Southwestern Hotel near Art Galleries, Shopping, and Dining
Santa Fe’s artistic heritage dates as far back as the 1880s, when artists were among some of the first American settlers to ride into town on the new railroad. That story came full circle in 2008 with the construction of the Railyard, an old train complex that was transformed into an urban park with art studios, galleries, and a community art center, as well as several restaurants and shops. The Santa Fe Sage Inn is located directly across from the Railyard and just six blocks from Santa Fe Plaza. You can also hop on the complimentary Sage Coach shuttle to head into downtown.
The hotel draws on Santa Fe traditions in its southwestern architecture. The inn’s five two-story buildings have adobe-style façades with portals. Inside, the walls are covered with colorful patterned rugs reminiscent of traditional Native American designs. Guest rooms feature southwestern furniture and a red-and-black color scheme.
Santa Fe, New Mexico: Old West Architecture and Fiery Southwestern Cuisine
Santa Fe’s vibrant mosaic of cultural influences includes pieces of Native American, Latino, and western traditions. You can get an idea of the city’s varied background by visiting Santa Fe Plaza, which has served as the city center for more than 400 years. On a walk through, you’ll see old buildings made of adobe, the red brick-like material that defines much of Santa Fe’s architecture. Centuries of colorful southwestern artwork are also on display in the New Mexico Museum of Art, which is located in the Plaza.

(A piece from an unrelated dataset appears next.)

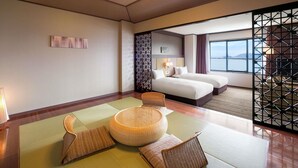 Een hotelkamer met twee bedden, een groot raam met uitzicht, tatami matten en een traditioneel Japans scherm.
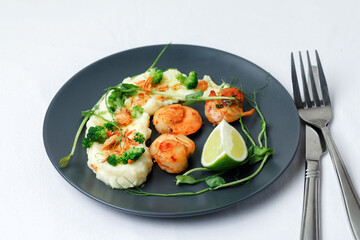Scallops served with garnish mashed potatoes on black plate with fork and knife on white background. Top View.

Fiery chili is the signature flavor at many restaurants in Santa Fe, which earned a place on TripAdvisor’s Top 10 Food & Wine Destinations in the United States in 2011. It’s worth it to sign up for a walking food tour of the area, which has sprung up with popular eateries, each offering its own spin on zesty southwestern cuisine.
For more than 300 days a year, Santa Fe soaks in sunshine. Such consistently great weather, paired with New Mexico’s varied terrain, makes the region ideal for hiking and biking. The Sangre de Cristo Mountains have peaks that stand over 13,000 feet high, and they’re traced with trails that wind past picturesque meadows filled with Indian paintbrush, purple lupine, and undomesticated landscape painters. From late fall to early spring, up to 300 inches of snow falls on the slopes of the mountains, which offer miles of downhill-skiing and snowboarding trails.